━━ Supplied records

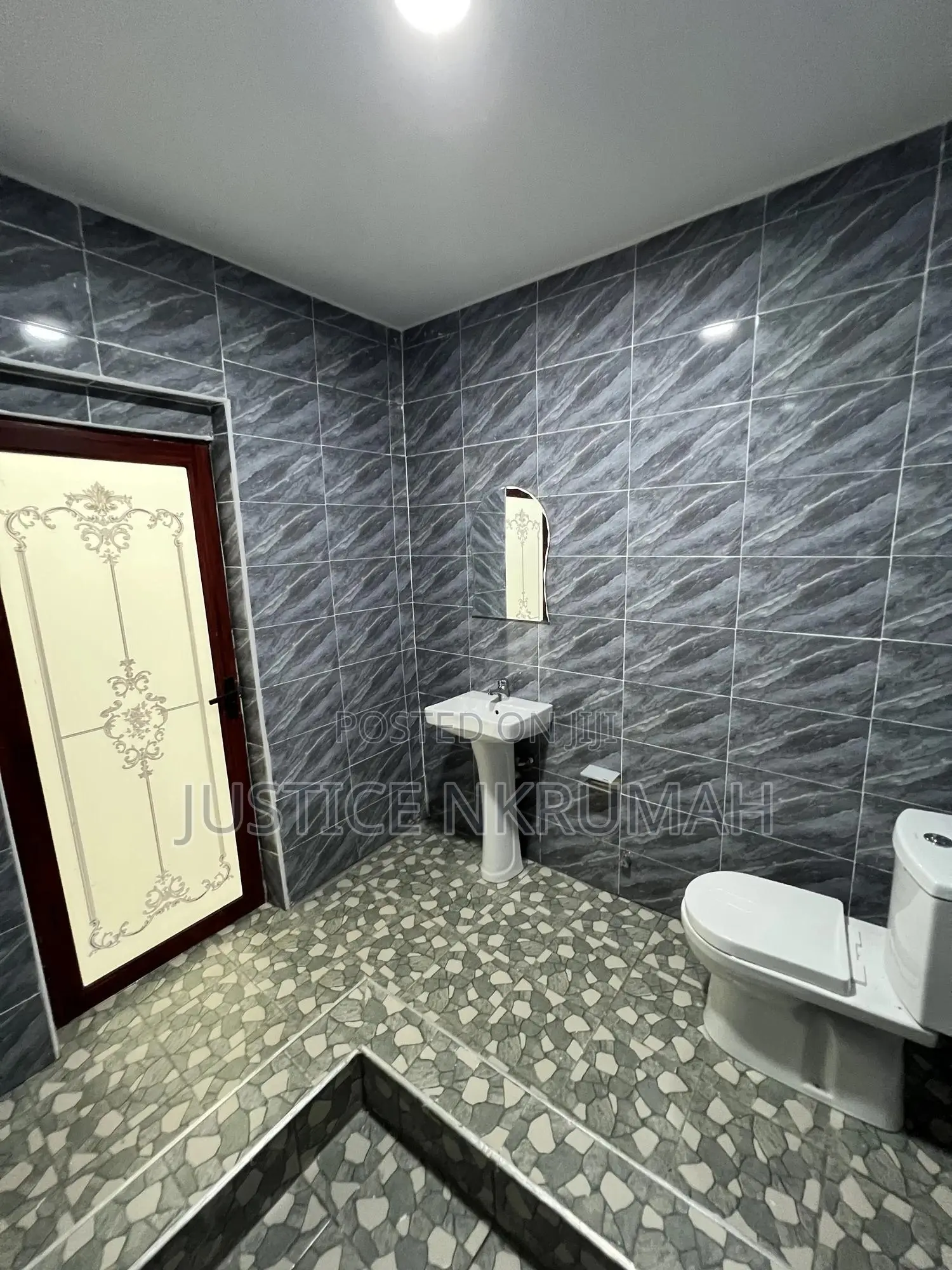 2bdrm Apartment in Mr Justice Estate, Bortiano for rent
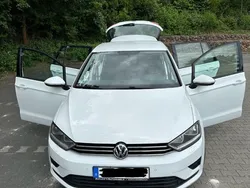 Weiß Gebraucht 2015 VW Golf Sportsvan Comfortline Van / Kleinbus | 8.700 € (Fairer Preis)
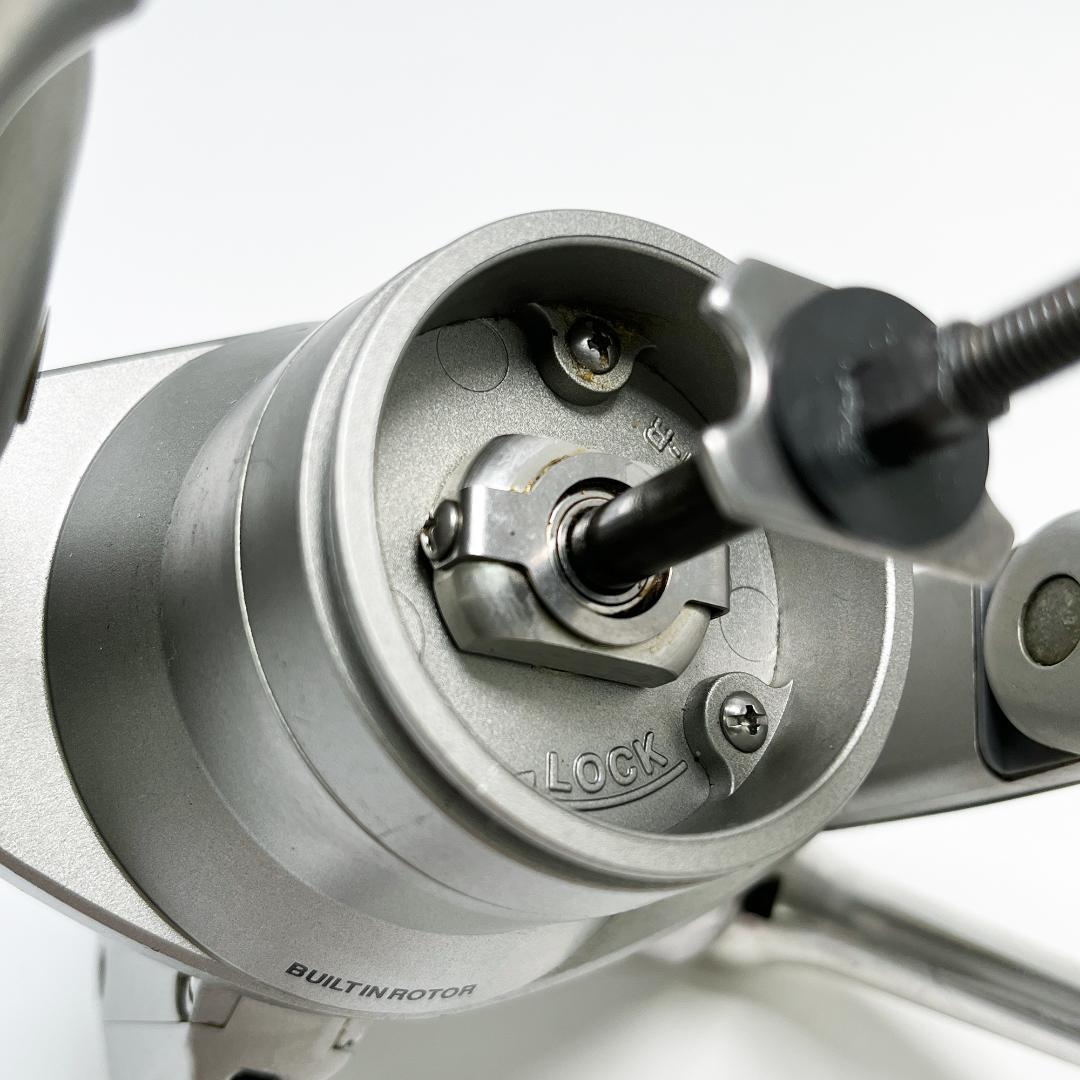 SHIMANO SUPER AERO TECHNIUM リール シマノ 右巻き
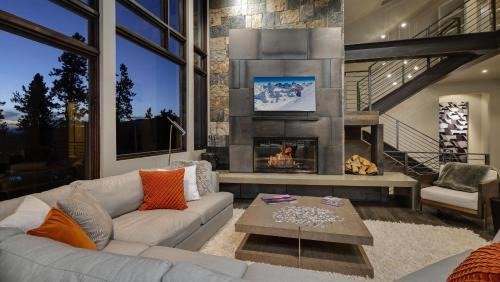 The Highlands House | Vickery's Vantage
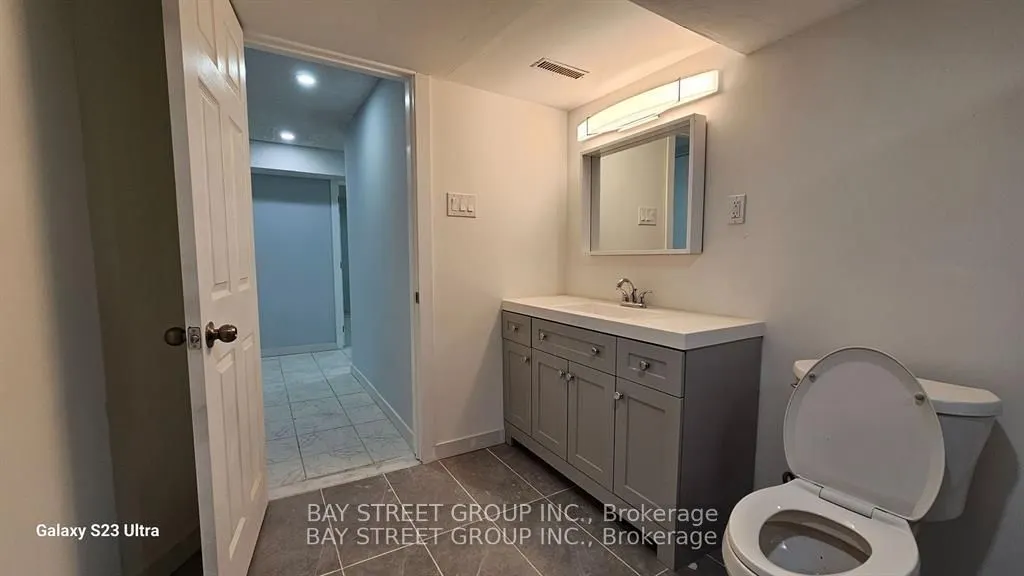 627 Aberdeen Avenue N, #BASEMEN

━━━━

▶ Required action: Copy the data word for word and omit every picture.

▶ Output for this task:
 2bdrm Apartment in Mr Justice Estate, Bortiano for rent
 Weiß Gebraucht 2015 VW Golf Sportsvan Comfortline Van / Kleinbus | 8.700 € (Fairer Preis)
 SHIMANO SUPER AERO TECHNIUM リール シマノ 右巻き
 The Highlands House | Vickery's Vantage
 627 Aberdeen Avenue N, #BASEMEN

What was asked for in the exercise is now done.